Pengusaha Hotel Merasa Terancam, Minta Airbnb Dibekukan
Reporter
Tempo.co
Editor
Dewi Rina Cahyani
Kamis, 23 November 2017 20:31 WIB
TEMPO.CO, Jakarta - Ketua Umum Perhimpunan Hotel dan Restoran Indonesia (PHRI) Hariyadi Sukmandani meminta pemerintah membekukan bisnis penyewaan kamar nonhotel berbasis aplikasi seperti Airbnb. Dia menyatakan praktik bisnis seperti ini turut mengancam industri hotel di Indonesia. "Itu menggerus okupansi hotel," kata dia di Jakarta Convention Center, Kamis, 23 November 2017.

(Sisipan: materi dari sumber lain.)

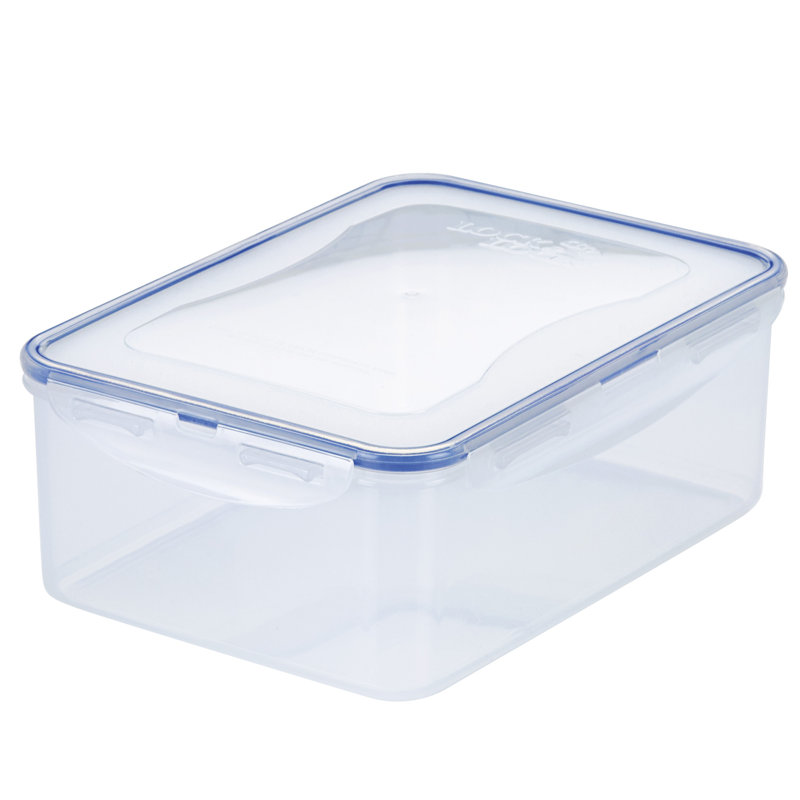 Easy Essentials™ 88oz. Food Storage Container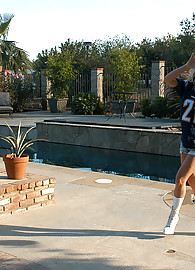 Carolyn Reese Photo 1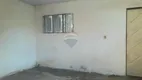 Foto 18 de Casa com 3 Quartos à venda, 119m² em Potengi, Natal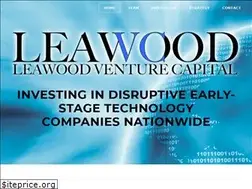 Sites similar to leawoodvc.com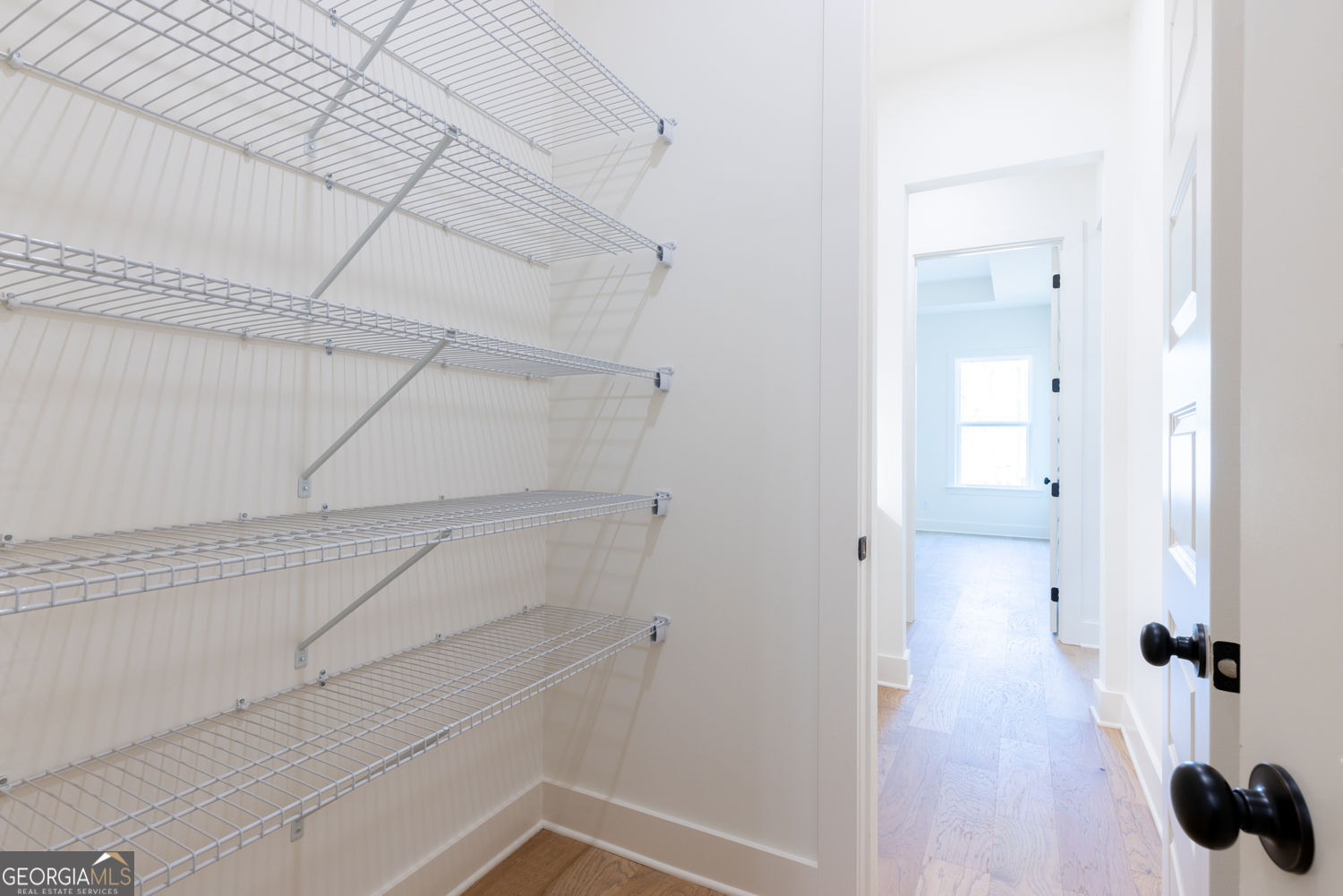 Gainesville, Georgia 30506, United States, 5 Bedrooms Bedrooms, ,5 BathroomsBathrooms,Residential,Active,239328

Hariyadi mengatakan dia tidak mempermasalahkan konsep bisnis sharing economy seperti yang diusung oleh Airbnb selama regulasinya adil. Pasalnya, menurut Hariyadi, selama ini perusahaan aplikasi sharing economy seperti Airbnb tidak pernah mendapatkan regulasi yang jelas dari pemerintah.
"Hotel waktu berdiri saja harus membikin amdal. Mengikuti aturan regulasi dari pemda, pemerintah pusat, dan sebagainya. Kita juga harus membayar pajak baik bagi pusat atau daerah. Terus tiba-tiba ada yang tadinya enggak jualan sama sekali tahu-tahu ikut jualan. Kan itu tidak fair," kata dia.
Hariyadi menambahkan, dengan adanya model bisnis sharing economy seperti Airbnb, permintaan dan penawaran antara kamar hotel dan wisatawan tidak dapat diprediksi. "Kalau yang hotel berbintang kan jelas 290 ribu kamar, yang nonbintang menurut data BPS 285 ribu kamar. Nah, kalau yang dari sharing economy kan kita tidak pernah tahu," kata dia. Menurut dia, hal tersebut dapat menimbulkan persaingan yang tidak sehat di industri perhotelan.
Untuk mengatasi hal tersebut, Hariyadi meminta kepada pemerintah membuat regulasi tentang praktik sharing economy seperti yang dilakukan Airbnb. Namun Hariyadi mengaku, dia pesimistis hal itu bisa terwujud karena mayoritas penyedia aplikasi sharing economy didominasi pemain asing seperti Airbnb. "Kalau asing gimana mau diajak bicara," kata dia.
Hariyadi menambahkan, hingga saat ini PHRI belum membuka pembicaraan tentang pengendalian model bisnis sharing economy kepada pemerintah. Alasannya, kata Hariyadi, PHRI kini tengah berfokus untuk mengadukan praktik agen travel online (online travel agent/OTA) asing kepada Kementerian Keuangan, khususnya kepada Direktorat Jenderal Pajak tentang pelimpahan tanggung jawab PPh 26 yang menurut Hariyadi harus dibayarkan oleh OTA asing. Namun untuk ke depannya, Hariyadi memastikan permasalahan tentang model bisnis sharing economy akan diadukan ke pemerintah. "Pasti akan ke sana," katanya.